Unexpected objects in the Science Museum Group collection related to Arthur Conan Doyle.
Portrait of Arthur Conan Doyle from The New York times Current History: the European War volume 1, 1914.
Portrait of Arthur Conan Doyle from The New York times Current History: the European War volume 1 (August – December 1914), p64, in the public domain via Wikimedia Commons.

Born on this day, 22 May, in 1859, Arthur Conan Doyle is most readily connected with science and medicine through the brilliant scientific mind and forensic approach of his most famous creations, the consulting detective Sherlock Holmes and his assistant Dr John Watson, as well as his own studies and early professional experience in various fields of medicine.

Perhaps unsurprisingly, it is objects related to Conan Doyle’s writing output and popular culture representations rather than those connected with his scientific and medical background and interests which have made it into the Science Museum Group (SMG) collection.

These objects include an early silent film poster for ‘Canine Sherlock Holmes’ and a first edition of Conan Doyle’s ‘The Coming of the Fairies’ from 1922, along with objects related to the Cottingley Fairies held by the National Science and Media Museum in Bradford and a dressing gown worn by Jeremy Brett in the role of Sherlock Holmes for Granada Television belonging to the Museum of Science and Industry in Manchester.

A Dog Detective

Poster for the 1912 film 'A Canine Sherlock Holmes'.
Poster for the 1912 film ‘A Canine Sherlock Holmes,’ available in the public domain via Wikimedia Commons.

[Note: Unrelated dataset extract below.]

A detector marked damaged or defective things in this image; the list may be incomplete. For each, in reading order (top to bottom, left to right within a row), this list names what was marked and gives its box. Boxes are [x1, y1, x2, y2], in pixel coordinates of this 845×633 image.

The earliest item in the SMG collection (loosely) related to Arthur Conan Doyle is a contemporary poster for ‘A Canine Sherlock Holmes‘, a rare British silent film, produced by Charles Urban of the Charles Urban Trading Company. The short film, a rare copy of which has survived in the Jean Desmet Collection in the EYE Film Institute in the Netherlands, was released in 1912 and starred Spot, the Urbanora dog, as the Canine Sherlock Holmes of the title.

The film combined a cultural recognition of Sherlock Holmes with the popularity of canine stars on screen. The latter trend may have begun with stray dogs wandering into the shot in early silent films but was rapidly superseded by the use of trained dogs in early twentieth century films and beyond.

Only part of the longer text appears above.